A third hesitancy the biological parent may have typically arises when you are the first person to meet her children as a potential stepparent. In this case, the biological parent is likely to feel a range of emotions including fear, jealousy, sadness, or anger. The emotions felt might depend upon how the relationship with the other biological parent ended. Whether the biological parent has begun dating also may be significant. If she is successfully dating someone, she might not be as upset as she might be if she hasn't started dating or has endured a recent breakup.
The Child's Feelings
The age of the child is likely to have a great impact on her readiness to meet you and the emotions she has going into that meeting. How the breakup between her parents affected her is also likely to have an impact. Was there a lot of fighting? Is there still animosity? If so, the child may be meeting you with a negative outlook. No matter what the attitude of the child, it is your job to be the adult in the situation and be as kind as possible. This is a child who has, at the very least, suffered the breakup of her parents or a loss of a parent. Most children will form their own opinions of you, regardless of what people around them are saying. If you are genuinely nice to her and her parents and don't get involved in any drama, name calling or disputes, you will at least earn the respect of the child.
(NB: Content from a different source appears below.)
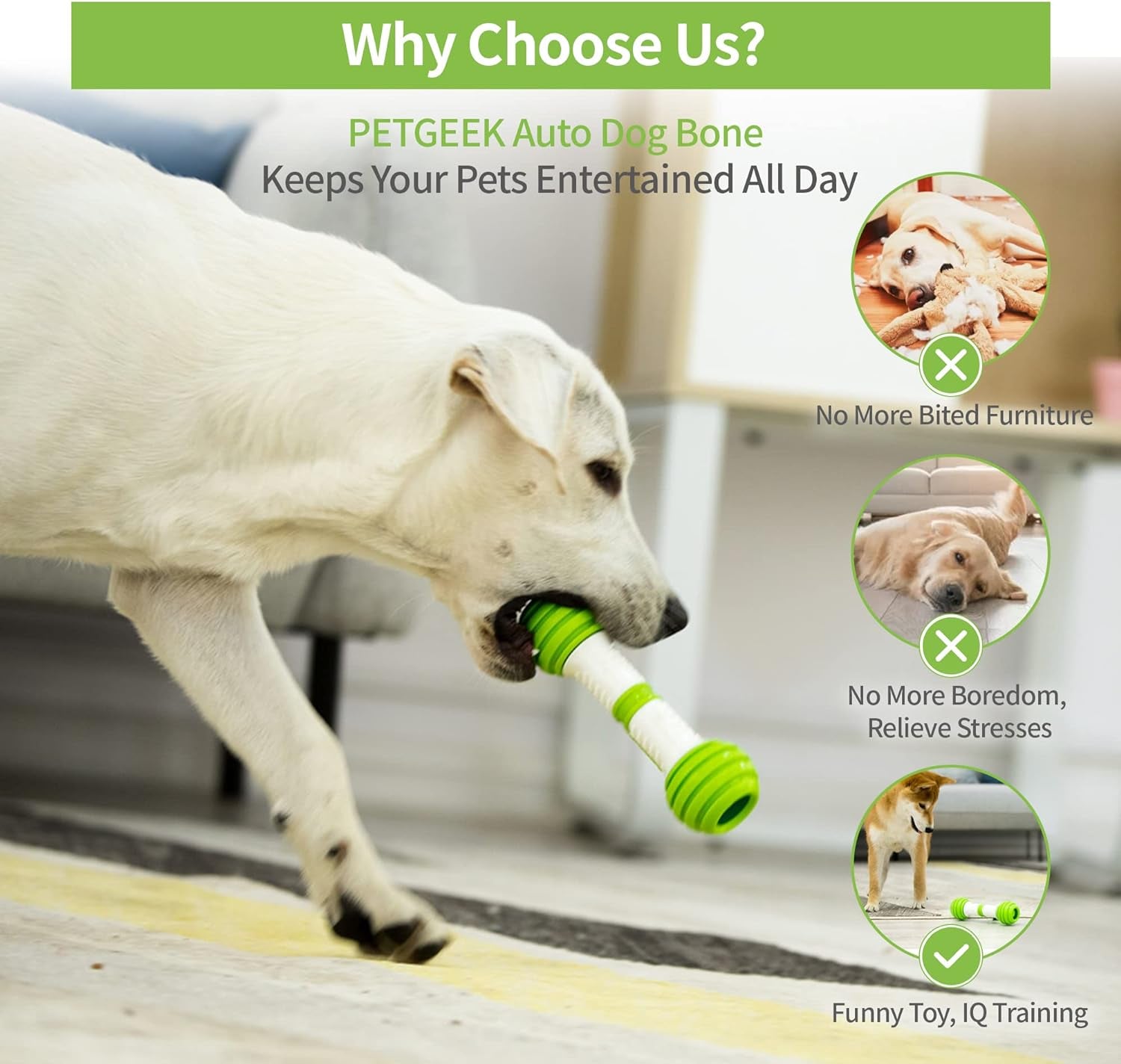 Smart Electronic Bone Toy
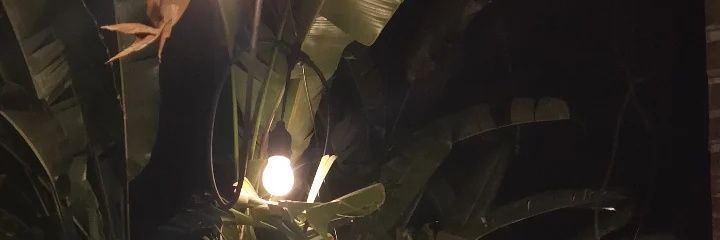 estysrr's profile banner image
The Family of the Deceased Parent
In cases where the other biological parent has died, other family members, such as grandparents, may be closely involved in the care and upbringing of your boyfriend's child. If this is the case, it is likely they will have some input into when it is appropriate for you to meet the child. They may be dealing with feelings of fear and concern. First of all, they have lost a child; their connection to their child is the child you are about to meet. This could bring up concerns of abandonment for them: What if you replace their daughter as Mom to their grandchild? Will you take time away from their time with their grandchild? Will you somehow make the child forget about his mother and therefore not need the grandparents in his life anymore? In addition, they know this child has been through a painful experience already. How can they be sure you won't somehow hurt the child? Will you be around for a long time? Are you ill in any way?
This situation is another in which meeting with the grandparents or family members can be very helpful to their emotional health. It also provides an opportunity to learn about the other biological parent, which may be very nice for everyone. Be considerate; there has been a major loss, and everyone is simply trying to protect the mental health of the child.
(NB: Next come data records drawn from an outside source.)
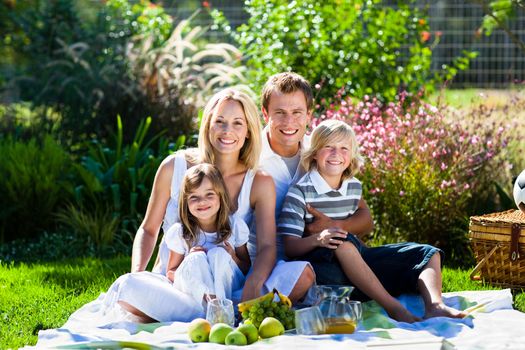 Smiling young family having picnic in a park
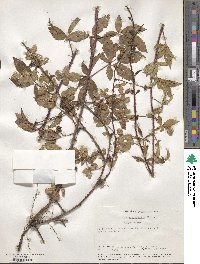 Rubus trivialis image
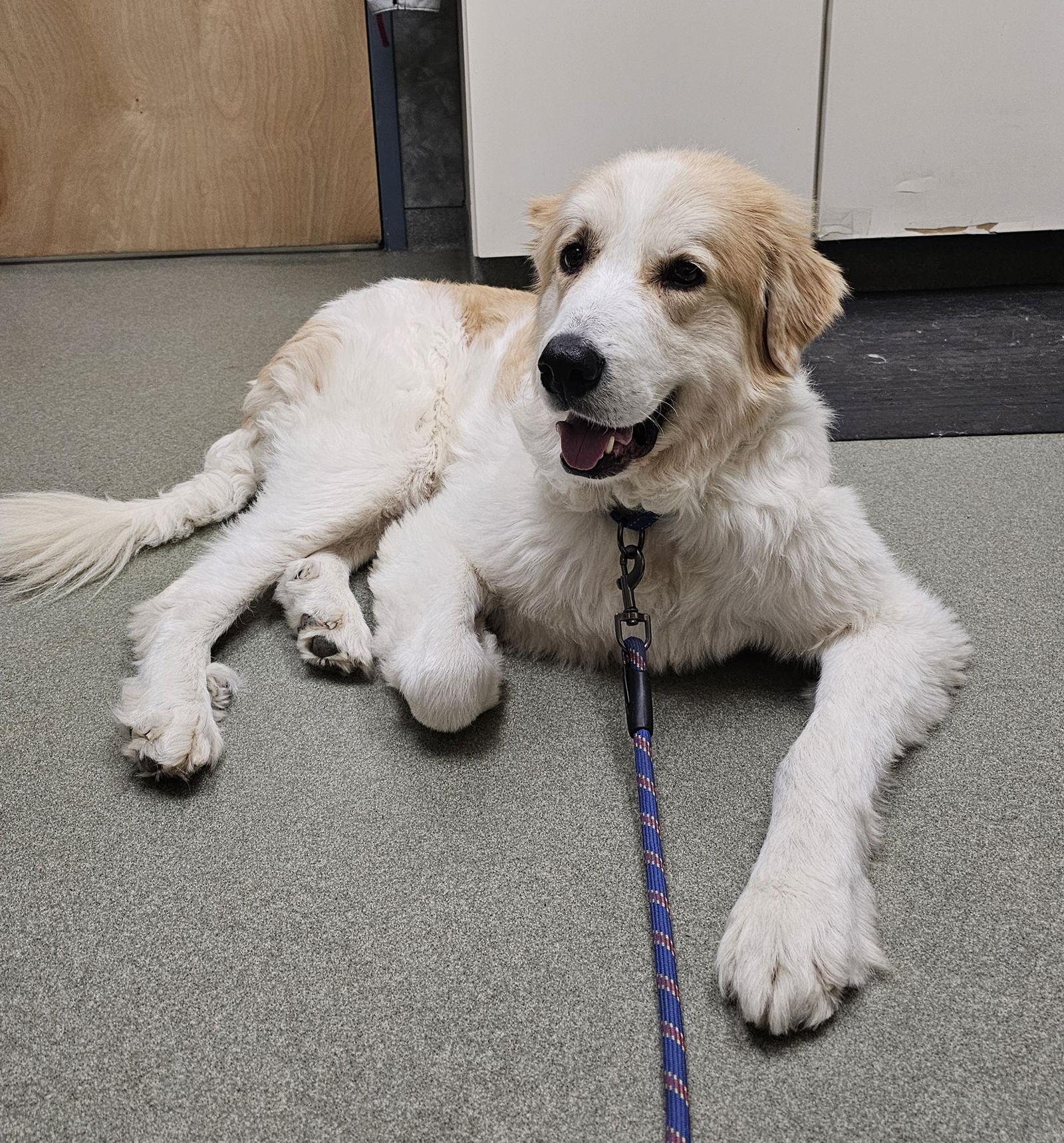 APOLLO, Adoptable, Senior Male Great Pyrenees.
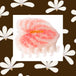 Anthurium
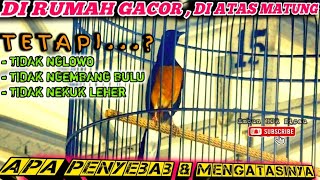 Download lagu IN THE GACOR HOUSE, ON THE MATUNG❗ THIS IS THE CAUSE & HOW TO OVERCOME THE MURAI BATU NOT SOUNDIN... mp3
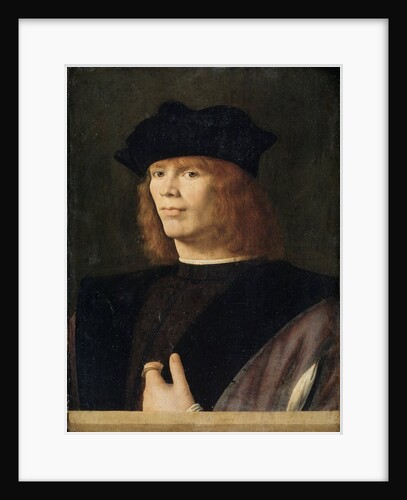 Portrait of a young man, probably merchant by Andrea Solario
Your Boyfriend's/Girlfriend's Feelings
Your significant other might seem fine with the meeting at first, and then get a little freaked out right before the meeting or after the fact. Keep in mind, this meeting also has implications for your relationship with your boyfriend. You are now on a different track relationship-wise, and this can be disorienting in its own right. It is akin to telling someone you love them, and then wondering if you should have said it. There is some finality to it once it has been said, and this can make people start acting weird or nervous. Be patient with your boyfriend. If he thought long and hard about having you meet his child, he may just need to revisit those thoughts to remind himself of the reasons he felt it was time for you to meet each other. Even if you don't get along well with his child at the first meeting, he will probably feel better if he knows you are open to continuing a relationship with him and his child after the meeting.